**Data records**
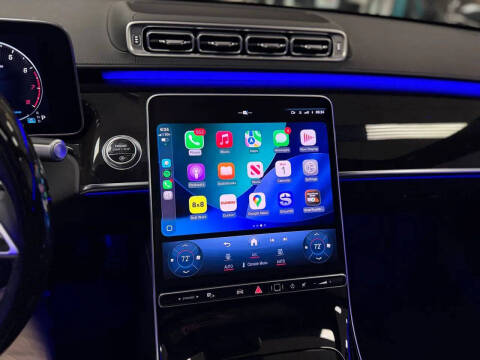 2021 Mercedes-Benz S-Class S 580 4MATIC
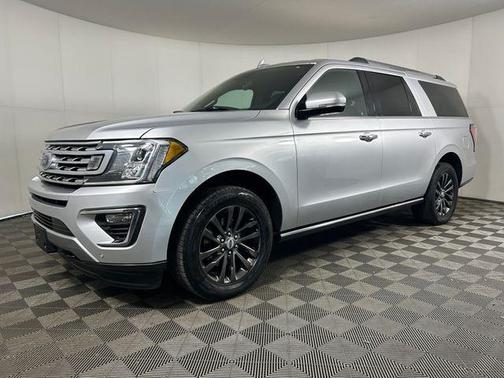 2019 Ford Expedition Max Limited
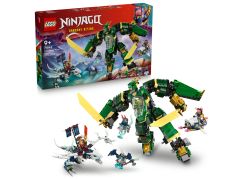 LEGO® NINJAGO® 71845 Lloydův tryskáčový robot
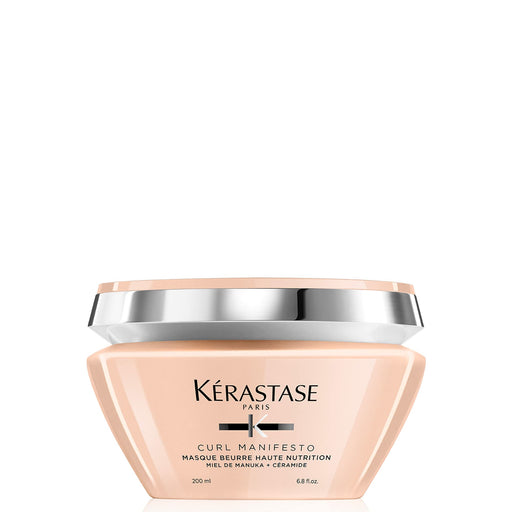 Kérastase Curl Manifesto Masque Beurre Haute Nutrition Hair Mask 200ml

---

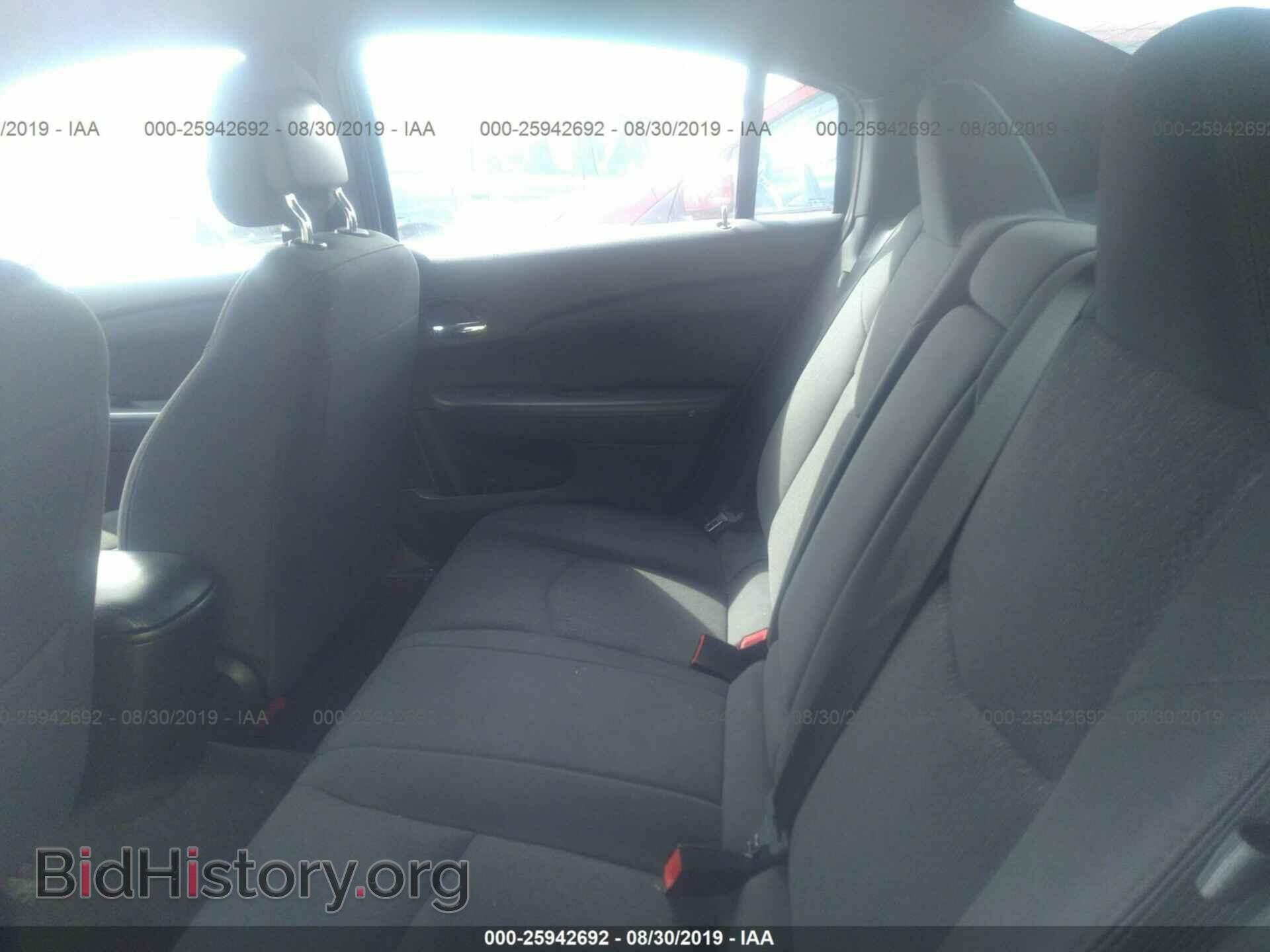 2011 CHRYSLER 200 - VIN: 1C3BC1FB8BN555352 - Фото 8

**How to complete this task**
Among the entries above, take the lines from the one with "2019 Ford Expedition Max Limited" through the one with "Kérastase Curl Manifesto" and retype them exactly, leaving out the pictures.

**Solution for this problem**
 2019 Ford Expedition Max Limited
 LEGO® NINJAGO® 71845 Lloydův tryskáčový robot
 Kérastase Curl Manifesto Masque Beurre Haute Nutrition Hair Mask 200ml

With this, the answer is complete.